Buffer kinetics shape the spatiotemporal patterns of IP3-evoked Ca2+ signals

Ca 2+ liberation through inositol 1,4,5-trisphosphate receptors (IP 3 Rs) plays a universal role in cell regulation, and specificity of cell signalling is achieved through the spatiotemporal patterning of Ca 2+ signals. IP 3 Rs display Ca 2+ -induced Ca 2+ release (CICR), but are grouped in clusters so that regenerative Ca 2+ signals may remain localized to individual clusters, or propagate globally between clusters by successive cycles of Ca 2+ diffusion and CICR. We used confocal microscopy and photoreleased IP 3 in Xenopus oocytes to study how these properties are modulated by mobile cytosolic Ca 2+ buffers. EGTA (a buffer with slow ‘on-rate’) speeded Ca 2+ signals and ‘balkanized’ Ca 2+ waves by dissociating them into local signals.
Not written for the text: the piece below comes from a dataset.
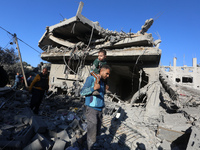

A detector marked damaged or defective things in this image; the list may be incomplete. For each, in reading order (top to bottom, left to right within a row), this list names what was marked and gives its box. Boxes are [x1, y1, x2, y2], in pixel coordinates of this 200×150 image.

broken concrete block [30, 115, 47, 133]
broken concrete block [156, 126, 184, 142] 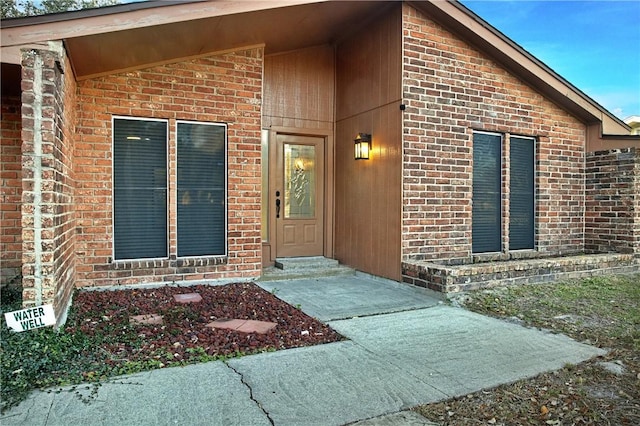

In contrast, BAPTA (a fast buffer with similar affinity) slowed Ca 2+ responses and promoted ‘globalization’ of spatially uniform Ca 2+ signals. These actions are likely to arise through differential effects on Ca 2+ feedback within and between IP 3 R clusters, because Ca 2+ signals evoked by influx through voltage-gated channels were little affected. We propose that cell-specific expression of Ca 2+ -binding proteins with distinct kinetics may shape the time course and spatial distribution of IP 3 -evoked Ca 2+ signals for specific physiological roles.